● Problem requirements: From the first line to the last, repeat the data exactly but leave out the pictures.

══ Data extract ══

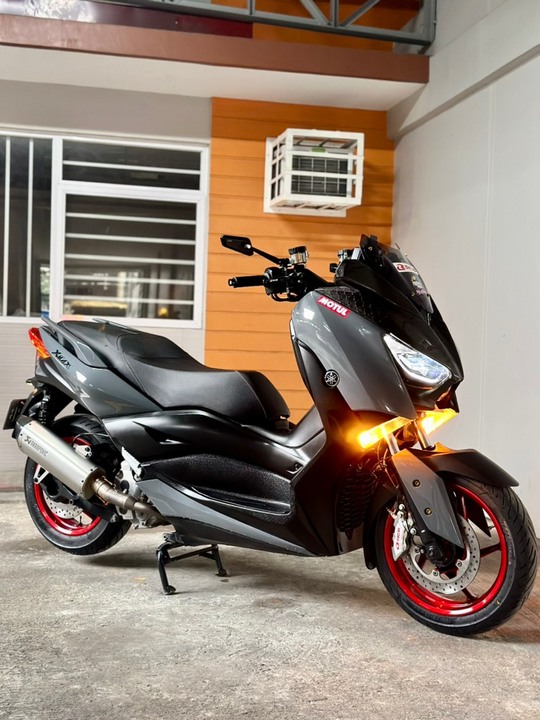 S1000XR Triple black turned ito M1000XR Decal from DRB GraphiX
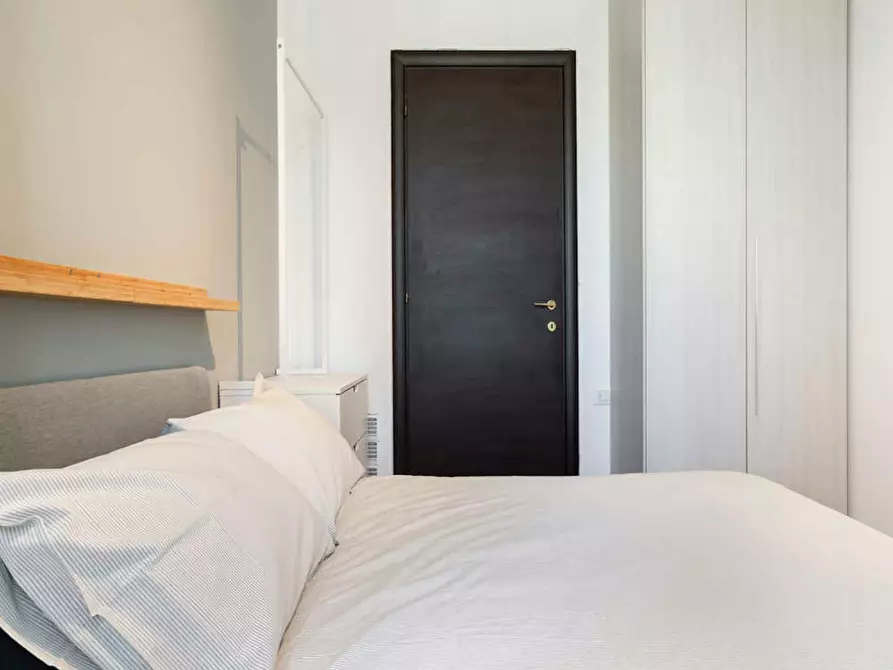 Immagine 5 di Camera in affitto  in Viale Sondrio a Milano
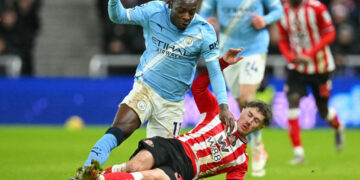 Premier League: Manchester City lose ground to Arsenal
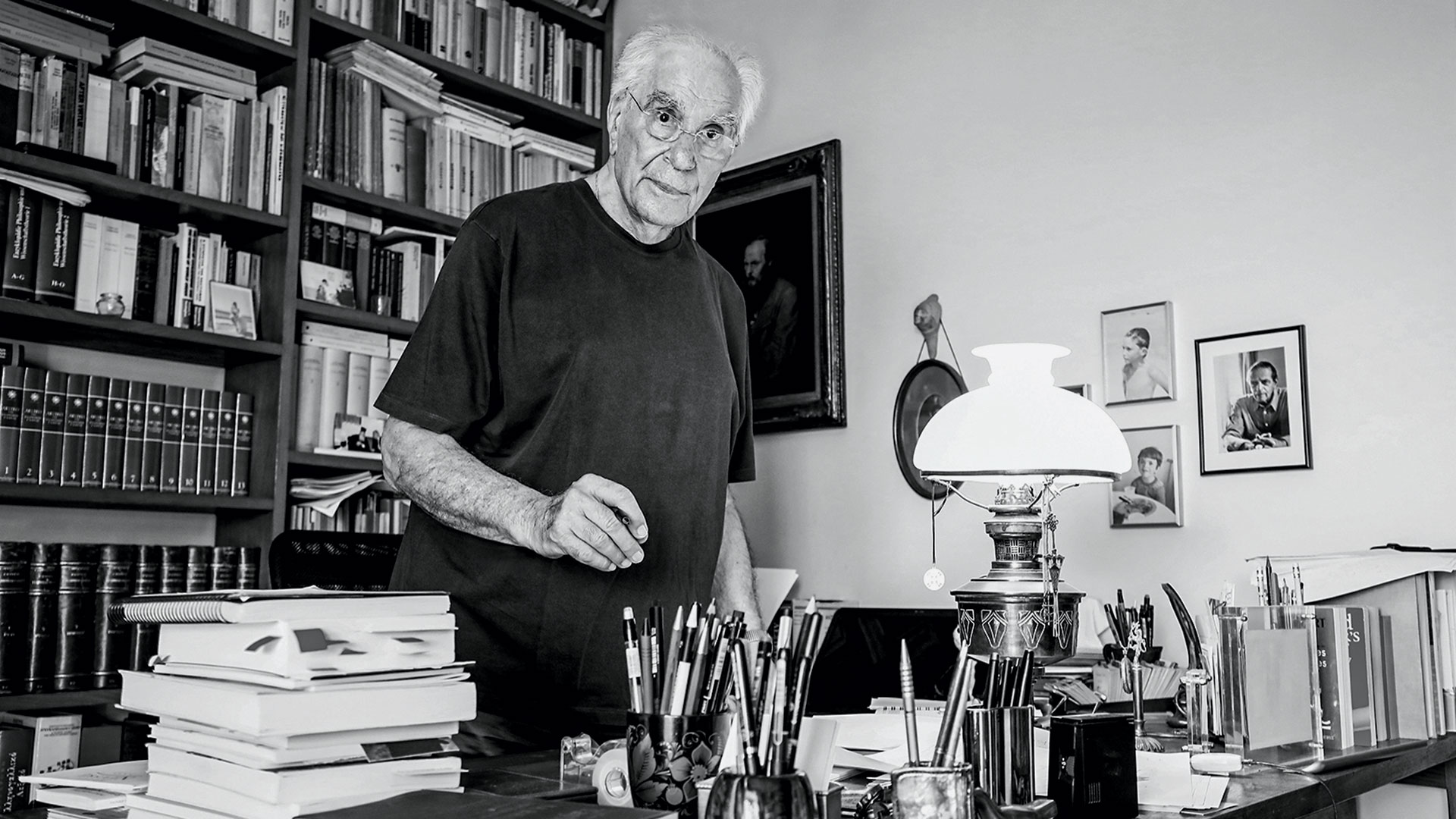 χρήστος-γιανναράς-εβγαλε-τη-θεολογία-563189746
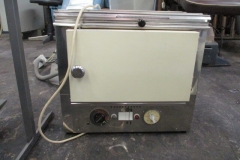 Lote 225 -	1 HORNO ESTERILIZADOR  220 V ACERO INOX.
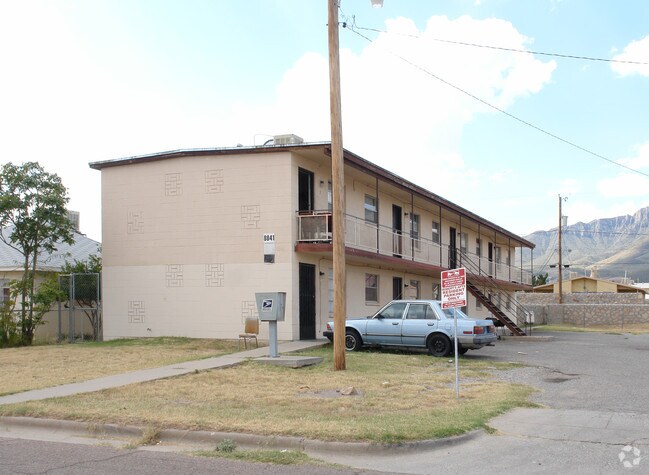 Building Photo - 8841 Robert Dr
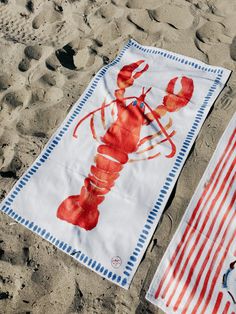 LOBSTER BEACH TOWEL 🦞 Original hand-drawn design (by me!  printed on a soft beach towel 🦞 Heavyweight 🦞 30"x60" 🦞 Soft Polyester facing 🦞 White cotton loop backing 🦞 50% Polyester 50% Cotton 🦞 Vibrant, one-sided print 🦞  Due to the thickness of the towel the print colors may not soak all the way through the fabric and white background can show through when towel fibers are stroked. *Please Note: Returns are not accepted for my products due to their made-to-order nature. Because of this c Cool Beach Towels, Beach Towel Design, Cute Beach Towels, Mediterranean Pool, Lobster Design, Summer Beach Towels, Coastal Aesthetic, Towel Design, Aesthetic Gift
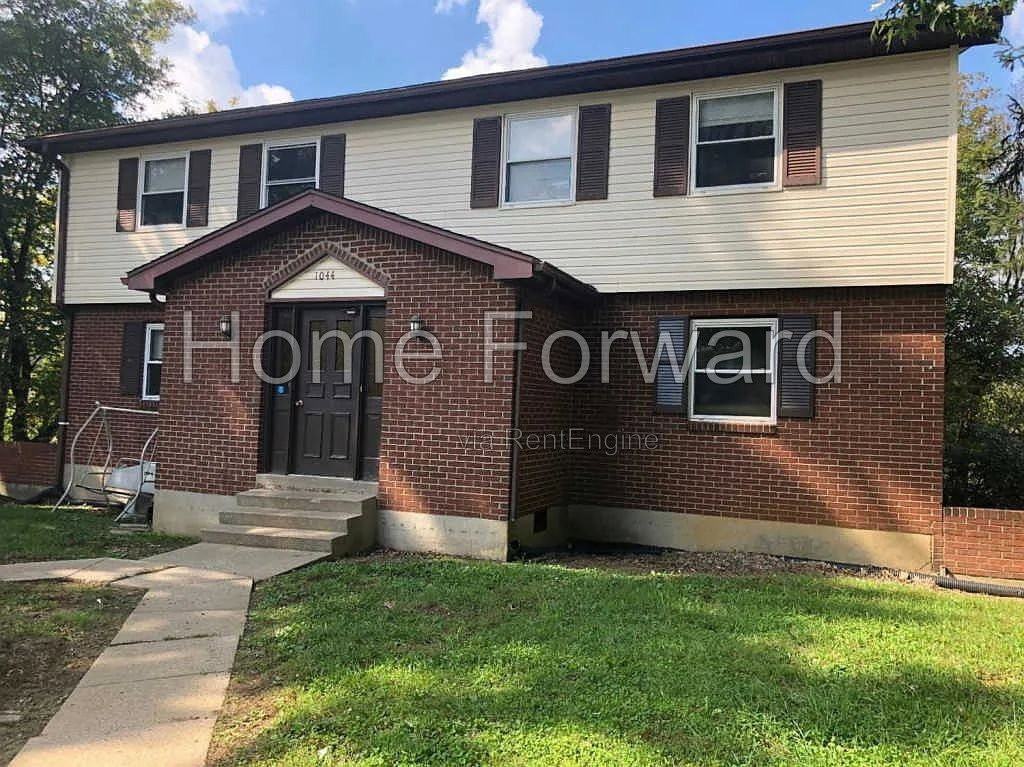 1044 Idylwild Dr #A - Photo 2 of 2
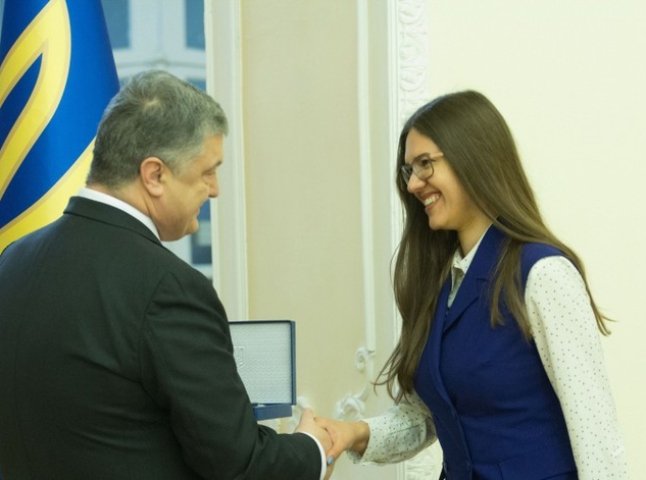 Дівчина з Мукачева стала лауреатом премії Президента України для молодих учених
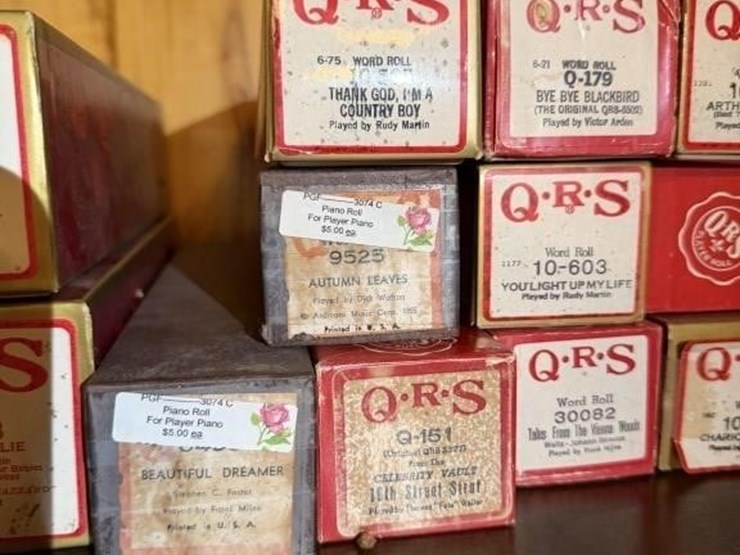 offsite--antique-player's-piano-image-12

═══

● Your response:
 S1000XR Triple black turned ito M1000XR Decal from DRB GraphiX
 Immagine 5 di Camera in affitto  in Viale Sondrio a Milano
 Premier League: Manchester City lose ground to Arsenal
 χρήστος-γιανναράς-εβγαλε-τη-θεολογία-563189746
 Lote 225 -	1 HORNO ESTERILIZADOR  220 V ACERO INOX.
 Building Photo - 8841 Robert Dr
 LOBSTER BEACH TOWEL 🦞 Original hand-drawn design (by me!  printed on a soft beach towel 🦞 Heavyweight 🦞 30"x60" 🦞 Soft Polyester facing 🦞 White cotton loop backing 🦞 50% Polyester 50% Cotton 🦞 Vibrant, one-sided print 🦞  Due to the thickness of the towel the print colors may not soak all the way through the fabric and white background can show through when towel fibers are stroked. *Please Note: Returns are not accepted for my products due to their made-to-order nature. Because of this c Cool Beach Towels, Beach Towel Design, Cute Beach Towels, Mediterranean Pool, Lobster Design, Summer Beach Towels, Coastal Aesthetic, Towel Design, Aesthetic Gift
 1044 Idylwild Dr #A - Photo 2 of 2
 Дівчина з Мукачева стала лауреатом премії Президента України для молодих учених
 offsite--antique-player's-piano-image-12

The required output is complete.